More than 50% of it comes from Latin or French, bernard.
Sander   Wed Sep 21, 2005 1:10 pm GMT
Well candy, about 70% comes from the romance languages BUT! this is not equally divided over the language.Vocabulary is extremely romantic, but the grammatical core is Germanic. But if you'd let someone with no knowledge about germanic and Romance languages divide them into groups... I'm pretty sure English would be placed with the other romance languages.
Easterner   Wed Sep 21, 2005 5:45 pm GMT
To me, English is an obviously Germanic language that has contented itself with borrowing words from Latin for being to lazy to coin new words for itself. :)

Joke aside, I think English is not the only language that has borrowed a large amount of words from another language.
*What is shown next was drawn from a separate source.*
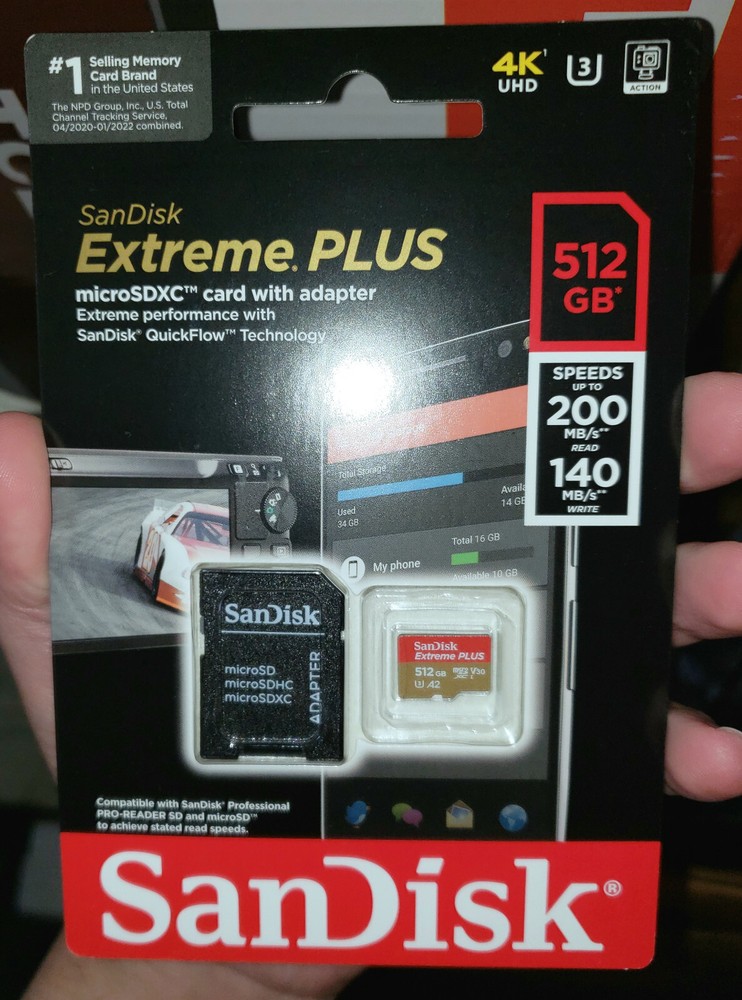 SanDisk - Extreme PLUS 512GB microSDXC UHS-I Memory Card Authentic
Many Asian languages have been heavy borrowers (Vietnamese comes to my mind, which took many words from Chinese and other neighbouring tongues), and so have some European ones like Hungarian (loanwords from Turkic, Iranian, Slavic languages) or Finnish (loanwords from Baltic and Swedish), or Serbian (many loanwords from Greek, Turkish, French and German).

However, the use of loanwords is not equally common at all levels of English. I don't have exact statistics, but I suppose that more than 60 per cent of words in everyday talk are of Germanic (Anglo-Saxon or Scandinavian) origin, while Latin or Romance vocabulary is more prominent at more learned or formal levels. By the way, I have always regarded the mixed nature of English as a strength rather than a weakness, because this feature enables it to convey many subtle shades of meaning.

On the other hand, even if French has taken many loanwords from English, I don't think it has been affected by them to the same extent as English has by Normand and French in the 11th-14th century. To me, it seems the Romance influence in English has been very thorough, to the extent that often Romance words actually supplanted words of Germanic origin, or at least the borrowing resulted in a more restricted usage of native Germanic words (I believe "flower" and "bloom" are good examples of this).
greg   Wed Sep 21, 2005 7:10 pm GMT
L'affirmation selon laquelle le vocabulaire de l'anglais de tous les jours est plutôt germanique que romano-latin est vraie mais ne concerne que la langue parlée ou écrite utilisée dans la vie quotidienne. L'influence franco-latine prend toute son étendue dès qu'on se rapproche de l'abstraction. C'est un clin d'œil historique : un rappel de l'absorption de l'ancien français d'outre-Manche par le moyen-anglais tardif. Un mouvement du haut vers le bas.
JJM   Wed Sep 21, 2005 9:14 pm GMT
"My answer to the above post is simply 'oh puhleez'."

Indeed. You're right on the money there.
Easterner   Thu Sep 22, 2005 9:17 am GMT
greg,

As I see, what you are essentially saying is that the antecedent of Modern English (Middle English as it had evolved by the 12th century) is a blend of a Germanic and a Romance dialect, or the absorption of the features of the latter into the former. I can agree with this basically. However, it is interesting to note that English was probably more influenced by the language of Ile-de-France than by the Norman dialect, during the Angevin kings, when it was the offical language of the English court. And as I know, most Latin words oozed into the language during tha later Middle Ages or the Renaissance. And I wonder to what extent the Hundred Years' War might have influenced this process, when England was ruling a large part of present-day French territory. The French-English contacts in the Middle Ages (even if the two kingdoms were long-time rivals) might explain why English has been remarkably more open to a Latin influence than have been other Germanic languages.
JJM   Thu Sep 22, 2005 11:14 am GMT
Let's get this straight: English is a Germanic language. It's not vocabulary that defines this, it's grammatical structure.

And English clearly has a Germanic grammatical structure, not a Romance one.
Damian   Thu Sep 22, 2005 11:26 am GMT
How is it that when you see SF films on the SF channels or dvds involving aliens landing on planet Earth and emerging from their spacecraft.... they all speak English? And with an American accent.
Guest   Thu Sep 22, 2005 12:03 pm GMT
Because other accents just aren't as cool and other nationalities make crappy SF not worth showing. (My impression as a non-American.)